• _Problem requirements_:
In the copy, include exactly the lines from the one with "A whimsical Merry" through the end of the data and no others, both ends kept, with every picture left out.

• _Data records_:
################

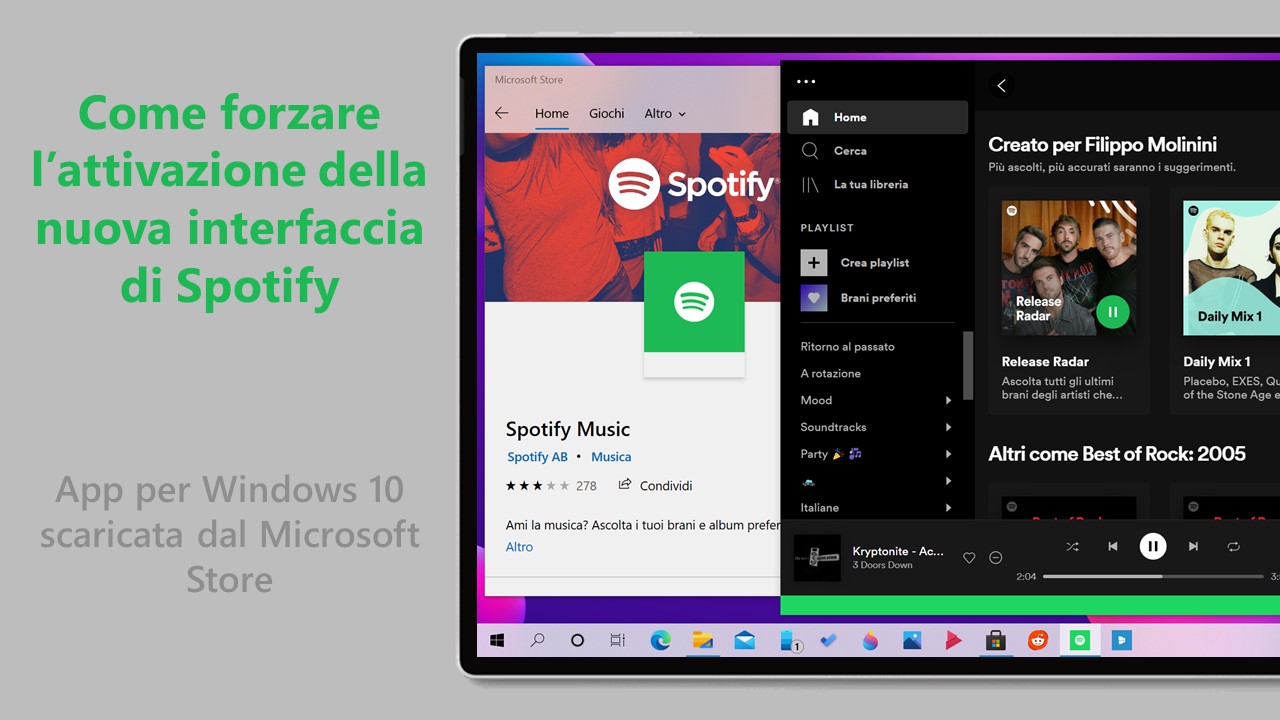 Come attivare subito la nuova interfaccia di Spotify scaricato dal Microsoft Store per Windows 10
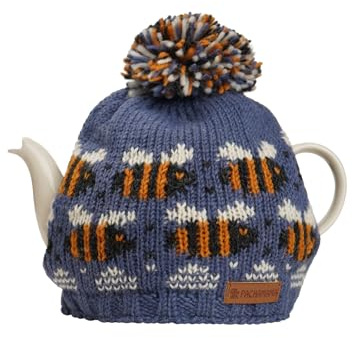 Pachamama Handknitted Medium 4-6 Cup 1.2L Wool Tea Cosy Teapot Cover - Bumble Bee Beehive Pattern Insulated Handmade Fair Trade Denim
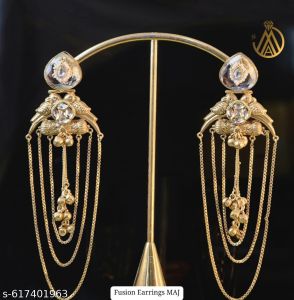 Metal Gold Plated Modern Earrings Studs Antique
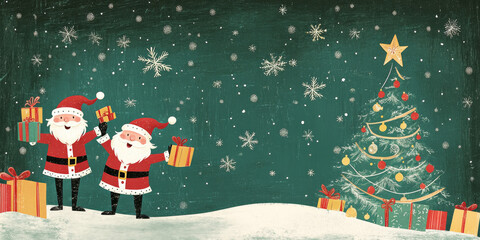 A whimsical Merry Christmas banner with two cheerful Santas holding gifts, a Christmas tree with ornaments, and a snowy green background with decorative stars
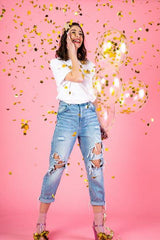 Gold Star Confetti Balloons 6pk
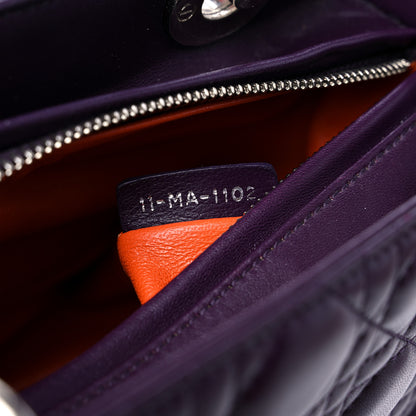Christian Dior Lambskin Crocodile Medium Lady Dior Purple Orange 6 of 12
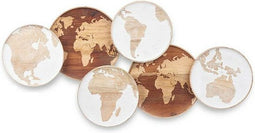 Wanddecoratie Wit Bruin Mangohout Wereldkaart 102 x 55 x 5 cm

################

• _Solution to this task_:
 A whimsical Merry Christmas banner with two cheerful Santas holding gifts, a Christmas tree with ornaments, and a snowy green background with decorative stars
 Gold Star Confetti Balloons 6pk
Christian Dior Lambskin Crocodile Medium Lady Dior Purple Orange 6 of 12
 Wanddecoratie Wit Bruin Mangohout Wereldkaart 102 x 55 x 5 cm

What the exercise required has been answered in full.